Besides "overdoing it," the suit is in flagrant opposition to Prince's own writing on the subject of P2P (please forgive the Prince-speak):
- What is 4 sure, however, is that, in spite of its many claims 2 the contrary, the recording industry has yet 2 provide evidence that P2P is actually detrimental 2 music making as an artistic endeavor, and even as a commercial venture. It is worth remembering, 4 xample, that sales of music CDs actually increased when Napster was at its peak, and declined after Napster was abruptly shut down. Even economists who thought that file sharing "should b" hurting the recording industry r now xpressing their doubts, based on what they say is simply not happening.
More importantly, many well-respected artists have sided with Internet users against corporate greed and actually use the Internet 2 promote alternative ways 2 distribute their music and reach out 2 a non-captive, legitimate audience of authentic music lovers.

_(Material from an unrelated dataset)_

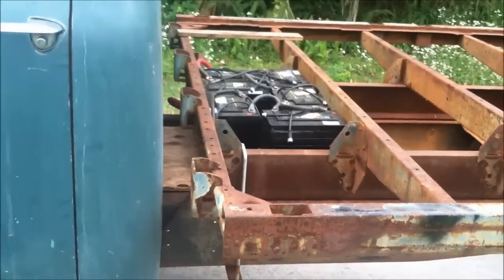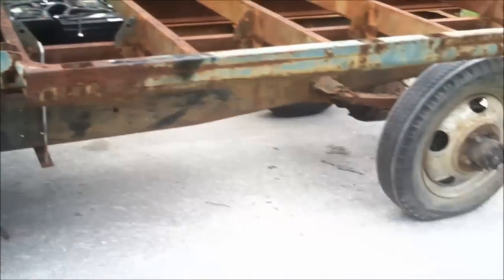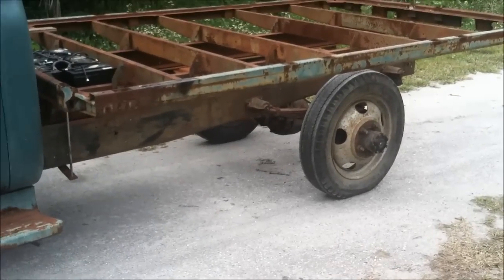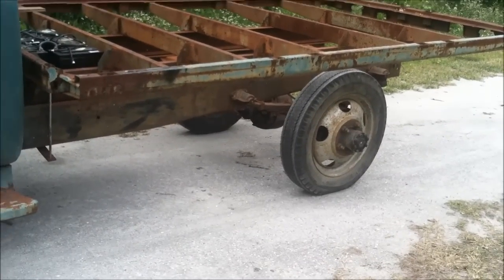You got these batteries right here in the back. And what kind of power have you got? I don't know yet. This is kind of all new to me. We're figuring it out. All right. Well, let's see. Give me a show.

This does not mean, of course, that all 4ms of file sharing r equally innocuous. There is little doubt that, when people use the Internet as a substitute 4 radio, i.e. as a way 2 discover new music, it can help promote the work of artists. But when a young junior high school student downloads tracks off the Internet and makes CD-R copies of them that he then sells 4 $5 in the schoolyard, it hurts sales of the original CD and it's disrespectful of the artist - regardless of how small a cut of the actual CD price the artist actually gets after all the xecutives and the middlemen in the recording industry have taken their piece of the pie.